Philippe Croizon, lors de sa traversée de la mer Rouge entre la station balnéaire égyptienne de Taba et le port jordanien d'Aqaba.
Philippe Croizon, lors de sa traversée de la mer Rouge entre la station balnéaire égyptienne de Taba et le port jordanien d'Aqaba. — Khalil Mazraawi afp.com

HANDICAP

Comment Philippe Croizon, amputé des quatre membres, redonne espoir aux personnes handicapées

Il intervenait à Rennes à l'occasion de la semaine pour l'emploi des personnes handicapées...

« J’ai une chance inouïe, je suis en bonne santé ». Des larmes, des rires, et un grand message d’espoir. Lundi, Philippe Croizon a marqué les esprits des agents du conseil régional de Bretagne.

Invité pour lancer la semaine de l’emploi des personnes handicapées à Rennes, l’homme amputé des quatre membres a évoqué son accident, son parcours et tous les exploits réalisés depuis, comme sa traversée la Manche à la nage en 2010.

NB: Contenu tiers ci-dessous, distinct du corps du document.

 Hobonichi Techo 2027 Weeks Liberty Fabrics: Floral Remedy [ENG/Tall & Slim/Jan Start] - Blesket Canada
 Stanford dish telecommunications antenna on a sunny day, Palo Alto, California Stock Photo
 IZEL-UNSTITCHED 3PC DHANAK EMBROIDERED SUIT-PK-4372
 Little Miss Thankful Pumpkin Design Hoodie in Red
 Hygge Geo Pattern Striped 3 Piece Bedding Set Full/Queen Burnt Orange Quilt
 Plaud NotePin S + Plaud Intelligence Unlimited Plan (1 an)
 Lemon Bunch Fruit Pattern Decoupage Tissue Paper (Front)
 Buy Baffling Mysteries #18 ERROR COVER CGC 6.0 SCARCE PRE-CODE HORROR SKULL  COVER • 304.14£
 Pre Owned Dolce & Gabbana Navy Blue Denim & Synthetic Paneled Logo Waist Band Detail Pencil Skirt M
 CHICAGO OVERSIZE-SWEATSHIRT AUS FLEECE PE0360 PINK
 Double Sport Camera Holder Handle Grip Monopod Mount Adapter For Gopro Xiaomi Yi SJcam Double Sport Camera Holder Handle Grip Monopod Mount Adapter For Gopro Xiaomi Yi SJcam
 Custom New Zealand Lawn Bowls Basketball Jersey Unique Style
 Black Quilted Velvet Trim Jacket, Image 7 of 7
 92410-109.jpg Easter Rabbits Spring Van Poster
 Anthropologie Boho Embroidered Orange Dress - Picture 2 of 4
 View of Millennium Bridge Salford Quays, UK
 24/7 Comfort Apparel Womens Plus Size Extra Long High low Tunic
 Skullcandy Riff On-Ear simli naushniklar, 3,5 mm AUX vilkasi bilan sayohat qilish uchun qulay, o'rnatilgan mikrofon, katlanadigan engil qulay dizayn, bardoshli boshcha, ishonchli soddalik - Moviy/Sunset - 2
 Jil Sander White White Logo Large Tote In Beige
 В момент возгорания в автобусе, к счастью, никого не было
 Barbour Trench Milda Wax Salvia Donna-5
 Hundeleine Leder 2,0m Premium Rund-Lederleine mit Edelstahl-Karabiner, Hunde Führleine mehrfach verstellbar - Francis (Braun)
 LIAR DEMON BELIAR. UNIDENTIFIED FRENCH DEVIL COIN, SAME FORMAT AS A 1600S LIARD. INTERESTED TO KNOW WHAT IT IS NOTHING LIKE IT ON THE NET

« J’ai été en mode gros con »

Le 5 mars 1994, celui qui avait alors 26 ans a vu sa vie basculer lors d’un accident. Perché sur le toit de sa maison pour y décrocher l’antenne télé, il s’est accroché dans la ligne électrique et a été électrocuté. Les médecins n’ont d’autre choix que de l’amputer des quatre membres. « Je suis passé par toutes les phases : le déni, la dépression, la colère. Pendant des années, j’ai été en mode gros con. Je ne quittais pas mon canapé », explique Philippe Croizon à une assemblée toute ouïe.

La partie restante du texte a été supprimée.